Why many clientThreads will cause fdbserver(stateless & grv_proxy) CPU too high?

For ideal performance you’ll need to do a bunch of tuning.

Writes

The FDB write path works by your client sending the transaction to a commit proxy. The commit proxy will then forward the conflict ranges to the resolver, which will then either allow or reject the transaction depending on if there is any conflicts.
From there the transaction is sent to the transaction logs. (all of these processes make up the “transaction system”)

This is my advice on how to configure how many processes you run:

  • Do not put tlog processes in the same servers as commitproxy/resolver.
    • This can cut your throughput significantly, as you are putting two bandwidth-intensive loads on the same host, and not fully utilizing cluster capacity.
  • Each tlog process should have its own disk not shared with another tlog or storage process. Stateless processes are fine.
    • This will cause increase in flush latencies, which will slow down transaction processing.
  • Put your resolution and commitproxy processes on high CPU performance hosts, and have enough bandwidth to handle the load.
    • You will always want a few more processes than you configure your cluster for, in case of failures. You should be able to tolerate at least 1 host failing without performance degradation.
    • Put resolution and commitproxy on separate hosts if you can.
  • If you cannot allocate dedicated capacity, you can put the resolution and commitproxy processes alongside storage servers.
  • You should put some stateless processes alongside every storage server and/or TLog. These handle misc. tasks such as the cluster controller, ratekeeper, and GRV processing.
    • You usually should not need dedicated process for GRV unless you have an extreme workload.

And how many to recruit:

  • 1 resolver unless absolutely necessary.
    • Adding more than 1 resolver will increase the risk of bogus conflict rejections, especially on transactions that read a lot of key range
    • Usually, it is not the resolver. Even if it is, this can be a sign of a bad workload in general, such as a very small hot key range.
  • A few GRV proxies
    • I do not have much advice here myself, but 3 should work.
  • The count of transaction servers depends on your load and storage servers. Observe the disk utilization %, main loop utilization % and network usage.
  • Commit proxies also depend on your workload.

Coordinators

No requirements here.

Storage servers

You should use Redwood for the storage engine.
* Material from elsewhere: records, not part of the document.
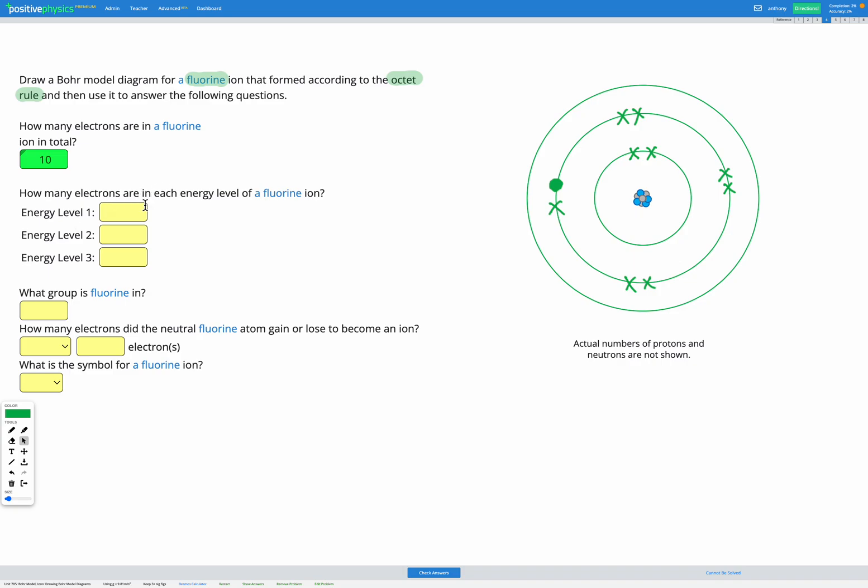So now we can answer how many electrons in each energy level. So on the inside energy level, we have two in total. That's energy level one. And then energy level two, we have one, two, three, four, five, six, seven, eight. Since we wanted that one to be full. Energy level three doesn't have any electrons. That one's empty. So we've got two, then we have eight, and zero.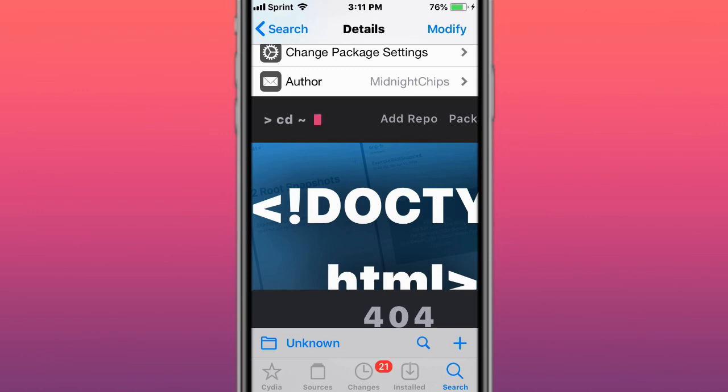You install a tweak, make a snapback, then install two more tweaks. You can go back to the snapback and return to where you were with all the tweaks you had installed when you created the backup. Whatever tweaks you installed after the backup will be lost.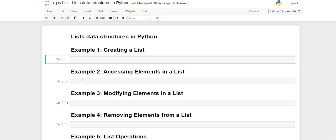Hello everyone, welcome back to the channel. In this video we are going to see the list built-in data structure in Python. We are going to see how we can create a list, how we can access elements in a list, how we can modify, remove, and perform some list operations on our list, step by step. Let's get started.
Depending on if your workload has semi-predictable access patterns, try increasing/decreasing cache configuration.

If you have a hot read range, such as metadata about the DB, you should use the rangeconfig command to increase its replica count.

You can usually run 2-3 storage class servers on the same disk to saturate the performance.

Side note, I have not seen anyone run a 500TB FDB cluster. Biggest I have heard about was about 200TB.
Could you provide some specifics about the workload/use case?